Google gets all the books to search?

Over at the Boing Boing blog, the writers complain about the new online book search rights that Google just won in a class action suit settlement. It's a little tricky to parse out what this means, but it looks like if you have a book in print now, or ever did, Google can include its contents in a search result. This sentence kind of sums it up: "Google is the only company in the world that will have a clean, legal way of offering all these books in search results."
Google, in acceding to the Authors Guild's requests, have attained a legal near-monopoly on searching and distributing the majority of books ever published.

The Authors Guild -- which represents a measly 8000 writers -- brought a class action against Google on behalf of all literary copyright holders, even the authors of the millions of "orphan works" whose rightsholders can't be located. Once that class was certified, whatever deal Google struck with the class became binding on every work of literature ever produced. The odds are that this feat won't ever be repeated, which means that Google is the only company in the world that will have a clean, legal way of offering all these books in search results.
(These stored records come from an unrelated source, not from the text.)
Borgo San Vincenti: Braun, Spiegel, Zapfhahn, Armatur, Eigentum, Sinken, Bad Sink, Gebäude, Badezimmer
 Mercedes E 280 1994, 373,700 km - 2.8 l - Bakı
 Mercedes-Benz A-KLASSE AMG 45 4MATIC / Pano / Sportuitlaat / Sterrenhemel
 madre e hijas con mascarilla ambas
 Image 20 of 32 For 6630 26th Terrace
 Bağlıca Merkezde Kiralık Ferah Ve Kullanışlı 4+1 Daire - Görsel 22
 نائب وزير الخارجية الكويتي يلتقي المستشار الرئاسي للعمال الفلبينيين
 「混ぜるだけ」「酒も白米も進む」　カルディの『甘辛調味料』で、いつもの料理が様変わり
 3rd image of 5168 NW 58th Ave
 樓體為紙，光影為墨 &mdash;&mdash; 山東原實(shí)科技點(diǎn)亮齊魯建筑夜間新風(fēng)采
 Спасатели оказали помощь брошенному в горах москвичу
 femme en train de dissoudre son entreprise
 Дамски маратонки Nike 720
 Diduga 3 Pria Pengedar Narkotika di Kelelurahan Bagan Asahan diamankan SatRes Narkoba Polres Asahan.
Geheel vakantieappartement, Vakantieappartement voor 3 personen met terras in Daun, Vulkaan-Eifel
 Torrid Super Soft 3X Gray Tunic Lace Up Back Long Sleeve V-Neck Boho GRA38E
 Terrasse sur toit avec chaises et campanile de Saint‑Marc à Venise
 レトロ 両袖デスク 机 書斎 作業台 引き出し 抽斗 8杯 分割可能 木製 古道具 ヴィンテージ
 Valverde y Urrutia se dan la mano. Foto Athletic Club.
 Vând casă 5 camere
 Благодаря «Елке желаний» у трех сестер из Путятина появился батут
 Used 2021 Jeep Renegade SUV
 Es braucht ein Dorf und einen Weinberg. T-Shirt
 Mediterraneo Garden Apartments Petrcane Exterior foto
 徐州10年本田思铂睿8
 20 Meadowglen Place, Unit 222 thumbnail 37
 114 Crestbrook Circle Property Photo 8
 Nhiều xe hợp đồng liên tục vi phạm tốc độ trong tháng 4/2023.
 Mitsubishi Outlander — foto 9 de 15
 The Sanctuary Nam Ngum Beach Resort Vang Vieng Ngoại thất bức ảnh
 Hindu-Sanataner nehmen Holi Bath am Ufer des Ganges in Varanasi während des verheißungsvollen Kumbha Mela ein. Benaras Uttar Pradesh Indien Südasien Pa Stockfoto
We all love Google, don't we? From the "search the Web by speaking" iPhone application to the wonderful shopping vistas, Google runs the online universe. But if I had a book out, and I wasn't one of the select 8,000 Authors Guild members, I'd be scrambling now to find out if my book's online rights were still mine to control. As the article says, challenging this settlement in court is going to be costly.

Not something to worry yourself about if you're still doing the writing and editing. This doesn't affect the practice of your writing art. It might reduce your ability to earn a living off a book, though. That thunder you hear in the air is the sound of Google's scanners warming up, ready to hoover up the pages of your book for a free search result on the Internet. Yeah, Amazon is big. But Google is bigger, smarter and hungrier.